-- Work to be completed --
Your answer should hold exactly the lines beginning with the one that contains "ウエアハウス　プリントTシャツ　４６０１　ＨＩＧＨＬＡＮＤ" and ending with the last line of the material, both included. Leave every picture out.

-- Extracted information --
§

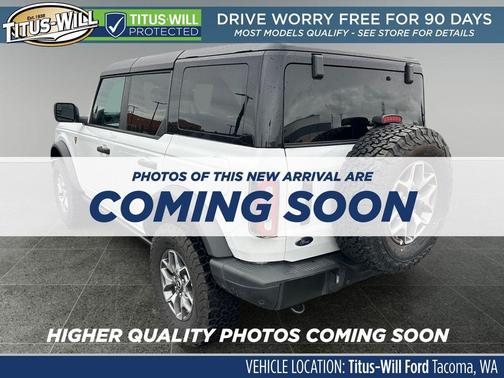 2025 Ford Bronco Badlands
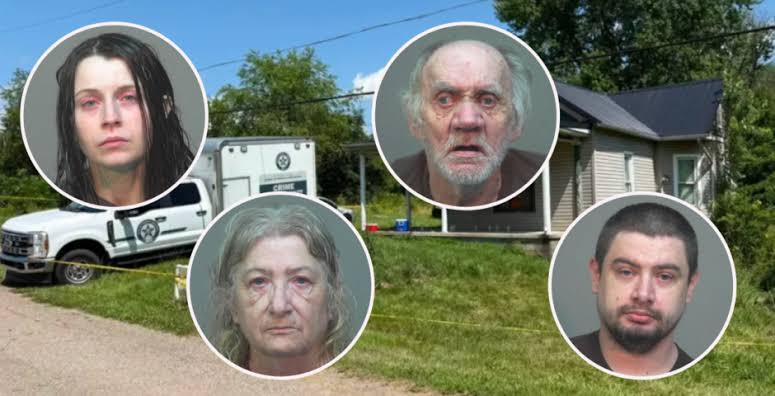 How Ohio family managed to hide 16 'feral' kids for so long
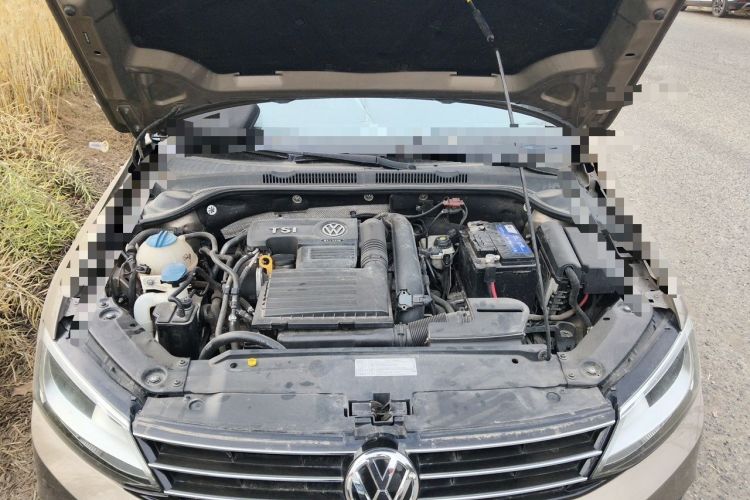 Used Volkswagen Sagitar 2017 230TSI Automatic Comfort Version Engine Bay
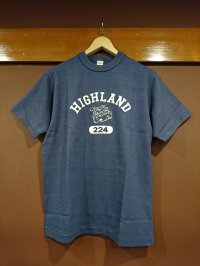 ウエアハウス　プリントTシャツ　４６０１　ＨＩＧＨＬＡＮＤ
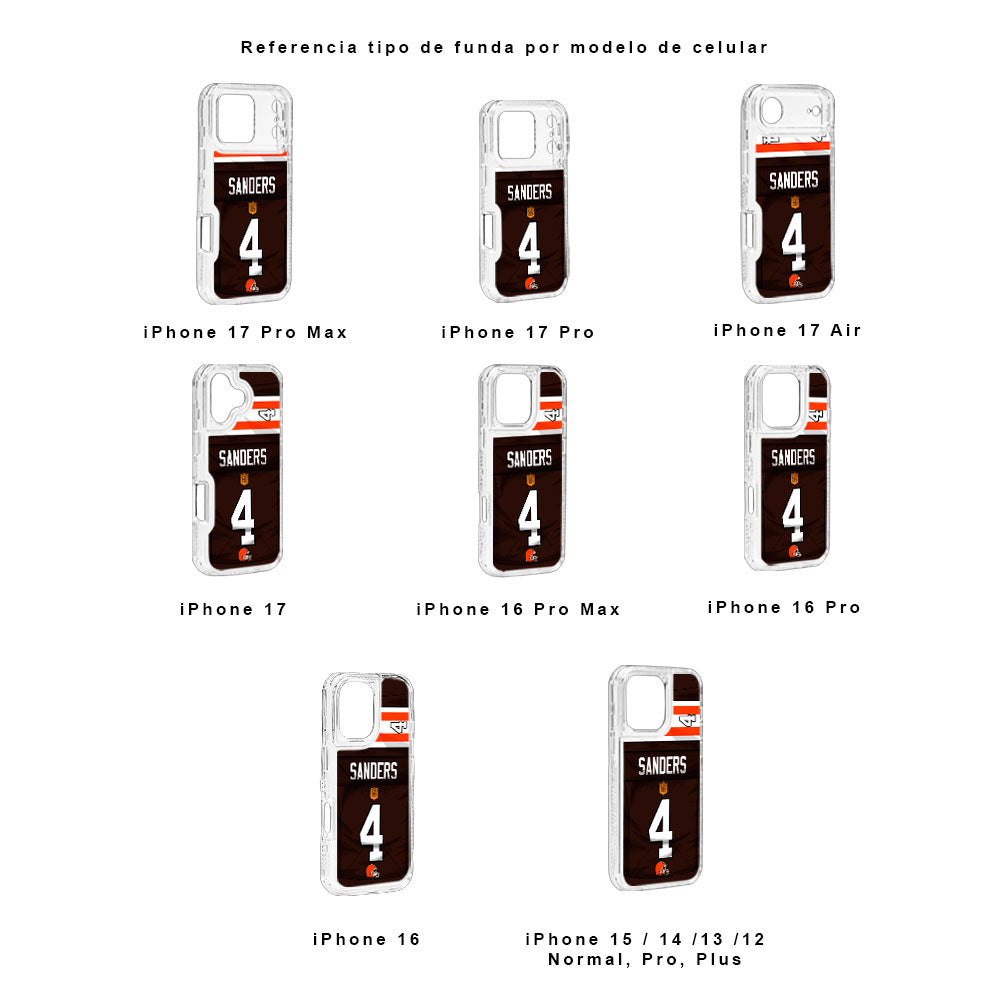 Jersey Browns (Personalizado)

§

-- Response to this task --
 ウエアハウス　プリントTシャツ　４６０１　ＨＩＧＨＬＡＮＤ
 Jersey Browns (Personalizado)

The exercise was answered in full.